Five million public school students in Texas will begin using new social studies textbooks this fall based on state academic standards that barely address racial segregation. The state’s guidelines for teaching American history also do not mention the Ku Klux Klan or Jim Crow laws.
And when it comes to the Civil War, children are supposed to learn that the conflict was caused by “sectionalism, states’ rights and slavery” — written deliberately in that order to telegraph slavery’s secondary role in driving the conflict, according to some members of the state board of education.
Slavery was a “side issue to the Civil War,” said Pat Hardy, a Republican board member, when the board adopted the standards in 2010. “There would be those who would say the reason for the Civil War was over slavery. No. It was over states’ rights.”

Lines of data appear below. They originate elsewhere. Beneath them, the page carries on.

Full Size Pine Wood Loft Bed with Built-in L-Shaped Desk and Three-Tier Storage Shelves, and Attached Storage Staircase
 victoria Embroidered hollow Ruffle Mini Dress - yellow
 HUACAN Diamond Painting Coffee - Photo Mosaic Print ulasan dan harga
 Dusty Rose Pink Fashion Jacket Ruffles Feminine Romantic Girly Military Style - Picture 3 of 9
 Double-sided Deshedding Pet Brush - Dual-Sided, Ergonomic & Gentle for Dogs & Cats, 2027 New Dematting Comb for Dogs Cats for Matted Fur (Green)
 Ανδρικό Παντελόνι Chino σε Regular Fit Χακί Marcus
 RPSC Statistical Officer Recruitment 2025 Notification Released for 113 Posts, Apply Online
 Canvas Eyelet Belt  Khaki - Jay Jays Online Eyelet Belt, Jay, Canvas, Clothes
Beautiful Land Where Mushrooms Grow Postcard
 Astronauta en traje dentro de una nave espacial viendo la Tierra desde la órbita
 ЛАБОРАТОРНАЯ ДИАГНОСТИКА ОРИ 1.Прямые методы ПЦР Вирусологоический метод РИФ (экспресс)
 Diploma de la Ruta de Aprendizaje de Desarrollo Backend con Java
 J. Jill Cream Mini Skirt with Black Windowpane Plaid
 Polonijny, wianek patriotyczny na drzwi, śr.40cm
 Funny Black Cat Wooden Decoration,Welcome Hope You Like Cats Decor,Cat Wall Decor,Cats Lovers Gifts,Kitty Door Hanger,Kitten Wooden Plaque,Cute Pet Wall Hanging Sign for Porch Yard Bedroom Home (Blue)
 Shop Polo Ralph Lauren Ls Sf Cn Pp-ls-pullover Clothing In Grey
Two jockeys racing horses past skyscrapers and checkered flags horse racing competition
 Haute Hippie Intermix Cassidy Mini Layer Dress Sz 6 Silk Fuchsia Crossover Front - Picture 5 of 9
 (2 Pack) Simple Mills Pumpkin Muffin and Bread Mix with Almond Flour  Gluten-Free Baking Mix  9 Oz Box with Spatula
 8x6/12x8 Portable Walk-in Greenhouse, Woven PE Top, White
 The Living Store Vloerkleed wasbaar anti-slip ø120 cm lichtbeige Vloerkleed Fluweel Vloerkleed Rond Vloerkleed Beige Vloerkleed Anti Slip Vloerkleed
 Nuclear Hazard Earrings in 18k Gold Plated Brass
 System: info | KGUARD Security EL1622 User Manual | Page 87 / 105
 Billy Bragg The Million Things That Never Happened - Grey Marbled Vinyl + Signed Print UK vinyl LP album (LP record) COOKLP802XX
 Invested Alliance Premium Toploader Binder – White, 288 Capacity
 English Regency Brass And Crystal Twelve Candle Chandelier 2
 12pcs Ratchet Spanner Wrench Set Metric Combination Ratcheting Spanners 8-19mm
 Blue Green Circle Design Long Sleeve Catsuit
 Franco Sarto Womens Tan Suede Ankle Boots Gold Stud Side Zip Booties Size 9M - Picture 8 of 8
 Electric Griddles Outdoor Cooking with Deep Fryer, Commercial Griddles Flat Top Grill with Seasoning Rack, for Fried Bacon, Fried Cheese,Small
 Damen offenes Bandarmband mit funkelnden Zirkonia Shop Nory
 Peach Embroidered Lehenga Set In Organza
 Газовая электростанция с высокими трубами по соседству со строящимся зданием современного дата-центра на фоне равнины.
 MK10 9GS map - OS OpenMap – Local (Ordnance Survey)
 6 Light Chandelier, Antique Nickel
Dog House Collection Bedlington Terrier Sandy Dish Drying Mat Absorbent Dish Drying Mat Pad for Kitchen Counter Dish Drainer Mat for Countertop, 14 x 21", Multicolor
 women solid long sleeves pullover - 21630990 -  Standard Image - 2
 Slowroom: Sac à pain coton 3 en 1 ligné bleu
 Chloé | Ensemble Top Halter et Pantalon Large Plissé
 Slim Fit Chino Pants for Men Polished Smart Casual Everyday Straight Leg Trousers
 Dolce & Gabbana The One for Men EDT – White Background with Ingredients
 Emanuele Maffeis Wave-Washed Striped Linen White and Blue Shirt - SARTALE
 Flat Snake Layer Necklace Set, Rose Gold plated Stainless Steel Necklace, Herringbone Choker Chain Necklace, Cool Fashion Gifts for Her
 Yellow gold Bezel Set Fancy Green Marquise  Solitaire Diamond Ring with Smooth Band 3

Slavery and the Civil War are part of the American legacy. For more than 200 years we’ve been trying to fully realize the revolutionary premise of democracy: all men are created equal. Selectively erasing pieces of our past may make it more comfortable for us today but it also makes it easier for many to ignore the historic struggles of Blacks and other minorities in this country, a struggle for equality that continues today. It is offensive to use the rebel battle flag as a symbol of a city or state but it is also offensive to pretend that Texas was never a slave state or that racism has played no role in our history for the past 150 years. The City Manager has already directed staff to identify any monuments connected with Confederate history or symbolism and I will be receiving that report shortly, after which time the appropriate staff or Council committee can consider opportunities for expanding interpretation at these sites.